Bonjour, merci pour vos commentaires. Le président a proclamé l’état de guerre ,on applique l’état de guerre : confinement dés le premier  cas avéré, réquisitions par les préfets pour tout ce qui concerne la santé , cliniques, hôtels, personnels, fabriques textiles, laboratoires  etc…sous contrôle. Laisser le soin aux armées d’organiser et mettre a disposition leur savoir faire tant sur le plan sanitaire que logistique,  tout cela dés le début de l’épidémie , sans retard ni tergiversation ! c’est mon humble avis bien entendu mais les gens de mon âge ont le souvenir de telle période. Prenez soin de vous.

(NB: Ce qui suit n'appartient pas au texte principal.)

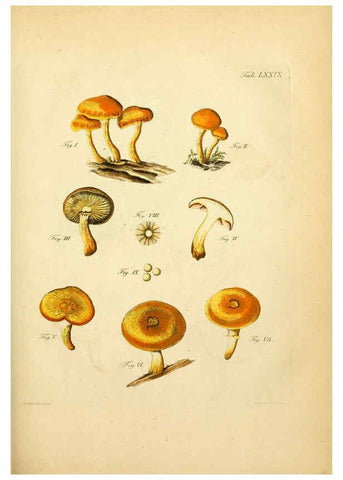 Reproducción/Reproduction 6256901001: Fungorum qui in Bavaria et Palatinatu circa Ratisbonam nascuntur icones, nativis coloribus expressae. v.1-2. Erlangae,Apud J.J. Palmium,1800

LANGRAND Rosemonde 29/03/2020 – 16:45

Merci pour cette excellente analyse.
Nous avons malheureusement un Président jeune , idéologue et qui manque d’expérience comme son gouvernement…. je crains que notre Pays ne puisse s’en sortir avec cette équipe…. nous avons besoin d’un leader avec les idées claires…. c’est urgent…

Lysiane Janssens -Bertelet 29/03/2020 – 16:39

Merci pour votre message, cher Monsieur Guaino. J’ai tant souhaité que vous soyez notre président de la République ! Comme nous aurions été mieux préparés à affronter cette épreuve !…Nous appartenons à la même génération, et si nous appartenons aux populations les plus vulnérables ( comme notre ami regretté Patrick Devedjan) c’est à nos enfants et à nos petits enfants que nous pensons lorsque nous appelons à une plus grande conscience morale dans nos décisions politiques. Courage à tous nos amis. Lysiane J-B

Pauline 29/03/2020 – 16:38

Je regretterai toujours le gouvernement Sarkozy et dire qu’on la battu On la battu comme un chien mais lui va sur Vive Au virus je pense qu’il pourra encore défendre les personnes qui resteront sur terre

Pascal Anselme 29/03/2020 – 16:38

Une des meilleures analyse lue sur ce sujet.